Esse período (de 1945 a 1964) é considerado por Carvalho (2002, 127) como a primeira experiência democrática do país, visto que, na Constituição de 1946, foram mantidas “as conquistas sociais do período anterior e [garantidos] os tradicionais direitos civis e políticos”. Porém, foi marcado por intensificação do populismo - referente ao uso demasiado, pelos mandatários políticos, da estratégia de buscar apoio popular das grandes massas urbanas pela troca de favores -, que provocou o inchaço do funcionalismo público devido ao grande número de indicações a cargos públicos como moeda de troca nas campanhas eleitorais. Apesar desses problemas, mantidos como herança desde a Velha República, o período caracteriza-se como razoavelmente democrático, isso porque, depois de muitos anos de supressão na ditadura anterior, pelo menos formalmente, os direitos civis, políticos e liberdade de imprensa foram restabelecidos (Fausto 2006; Carvalho 2002; Miguel 2014).
Após essa breve experiência democrática, no período de 1964 a 1985, retorna-se a mais uma ditadura, desta vez como Regime Militar, que, conforme Cremonese (2007, 79), foi um período de “perseguição, cassação dos direitos políticos, tortura e assassinatos das principais lideranças políticas, sociais e religiosas. Os Atos Institucionais (AIs) deram a tônica do governo”. Também foi um período com alguns ganhos sociais, pois foram instituídos o Instituto Nacional de Previdência Social (INPS) e o Fundo de Garantia do Tempo de Serviço (FGTS) em 1966. Em 1971, em pleno governo Médici, foi criado o Fundo de Assistência ao Trabalhador Rural (Funrural) e, ainda, instituído o Banco Nacional de Habitação (BNH) para facilitar o financiamento da casa própria para os trabalhadores de baixa renda. Em 1974, a criação do Ministério da Previdência laureou as políticas sociais no governo militar (Carvalho 2002).

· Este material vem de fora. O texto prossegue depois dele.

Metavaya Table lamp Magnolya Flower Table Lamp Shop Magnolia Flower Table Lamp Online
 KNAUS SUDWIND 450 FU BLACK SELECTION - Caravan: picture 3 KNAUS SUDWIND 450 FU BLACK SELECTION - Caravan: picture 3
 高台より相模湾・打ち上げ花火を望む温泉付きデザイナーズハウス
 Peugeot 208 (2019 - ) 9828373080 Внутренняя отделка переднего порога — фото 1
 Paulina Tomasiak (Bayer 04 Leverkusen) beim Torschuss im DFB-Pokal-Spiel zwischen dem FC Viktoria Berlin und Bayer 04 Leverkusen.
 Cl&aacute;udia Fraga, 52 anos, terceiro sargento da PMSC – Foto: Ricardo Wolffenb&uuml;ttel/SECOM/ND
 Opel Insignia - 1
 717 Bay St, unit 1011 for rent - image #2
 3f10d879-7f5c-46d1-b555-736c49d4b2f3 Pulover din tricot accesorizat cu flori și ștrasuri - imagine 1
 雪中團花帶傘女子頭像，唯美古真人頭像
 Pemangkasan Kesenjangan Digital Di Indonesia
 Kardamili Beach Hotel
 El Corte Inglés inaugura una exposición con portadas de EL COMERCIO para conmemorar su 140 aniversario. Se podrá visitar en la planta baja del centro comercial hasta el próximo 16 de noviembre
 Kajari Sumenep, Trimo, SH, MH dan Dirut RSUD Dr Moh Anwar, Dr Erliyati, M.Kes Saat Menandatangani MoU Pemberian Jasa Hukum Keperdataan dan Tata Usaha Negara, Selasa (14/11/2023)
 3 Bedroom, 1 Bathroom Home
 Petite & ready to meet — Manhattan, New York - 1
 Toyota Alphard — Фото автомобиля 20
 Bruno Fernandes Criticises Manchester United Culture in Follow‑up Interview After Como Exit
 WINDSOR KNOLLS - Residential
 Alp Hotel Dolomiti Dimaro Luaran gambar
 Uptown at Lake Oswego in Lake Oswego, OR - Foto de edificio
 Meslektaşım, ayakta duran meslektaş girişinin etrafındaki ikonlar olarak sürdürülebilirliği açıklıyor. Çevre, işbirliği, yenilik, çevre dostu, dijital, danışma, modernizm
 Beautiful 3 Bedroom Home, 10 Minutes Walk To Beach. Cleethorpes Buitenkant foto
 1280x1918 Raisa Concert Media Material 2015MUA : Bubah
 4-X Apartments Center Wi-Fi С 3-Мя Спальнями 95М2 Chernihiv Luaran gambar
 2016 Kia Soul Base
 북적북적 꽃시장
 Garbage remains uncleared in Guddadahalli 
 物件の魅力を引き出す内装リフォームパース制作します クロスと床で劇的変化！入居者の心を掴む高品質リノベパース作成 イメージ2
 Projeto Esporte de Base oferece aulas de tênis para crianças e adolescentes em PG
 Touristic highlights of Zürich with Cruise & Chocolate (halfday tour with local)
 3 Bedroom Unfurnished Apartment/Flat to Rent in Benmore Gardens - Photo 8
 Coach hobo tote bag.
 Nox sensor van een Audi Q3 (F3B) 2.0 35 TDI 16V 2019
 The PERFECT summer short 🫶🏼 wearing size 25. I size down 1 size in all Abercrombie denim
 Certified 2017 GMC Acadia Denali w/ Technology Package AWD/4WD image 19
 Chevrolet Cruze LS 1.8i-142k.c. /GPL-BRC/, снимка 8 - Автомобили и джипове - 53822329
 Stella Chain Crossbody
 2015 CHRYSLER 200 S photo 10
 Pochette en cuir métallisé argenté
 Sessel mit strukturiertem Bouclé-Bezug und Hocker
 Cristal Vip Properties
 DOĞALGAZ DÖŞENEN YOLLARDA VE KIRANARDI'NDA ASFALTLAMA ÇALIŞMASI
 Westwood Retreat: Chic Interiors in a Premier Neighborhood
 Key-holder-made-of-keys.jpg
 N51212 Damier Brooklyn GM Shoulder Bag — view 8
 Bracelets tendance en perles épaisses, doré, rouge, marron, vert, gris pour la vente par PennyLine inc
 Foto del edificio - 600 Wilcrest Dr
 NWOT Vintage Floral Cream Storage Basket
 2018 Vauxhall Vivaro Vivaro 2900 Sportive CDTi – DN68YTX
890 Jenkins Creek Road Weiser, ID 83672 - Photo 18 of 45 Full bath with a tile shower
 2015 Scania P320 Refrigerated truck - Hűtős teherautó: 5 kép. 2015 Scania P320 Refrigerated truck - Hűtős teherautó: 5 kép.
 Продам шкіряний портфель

Somente em 1985, mesmo que, de forma precária, retomou-se o caminho democrático, com a eleição do primeiro presidente civil, Tancredo Neves, depois de passados mais de duas décadas de autoritarismo militar, porém eleito por um colégio eleitoral e não pelas urnas, como buscava o movimento democrático da época. Tancredo Neves não assumiu o poder em razão de sua morte em 21 de abril de 1985, tendo tomado posse o seu vice, José Sarney, em 15 de março de 1985 (Carvalho 2002). Dois anos depois, em 1987, por consequência do movimento chamado “Diretas já”, foi instalada a Assembleia Nacional Constituinte, presidida por Ulysses Guimarães, advogado e então deputado federal pelo estado de São Paulo (Barroso 2008), a que, mesmo havendo críticas pela não participação de organizações da sociedade civil (sindicatos, organizações não governamentais, associações etc.), elaborou e aprovou na vigente Constituição Federal da República do Brasil em 1988 (CF/88).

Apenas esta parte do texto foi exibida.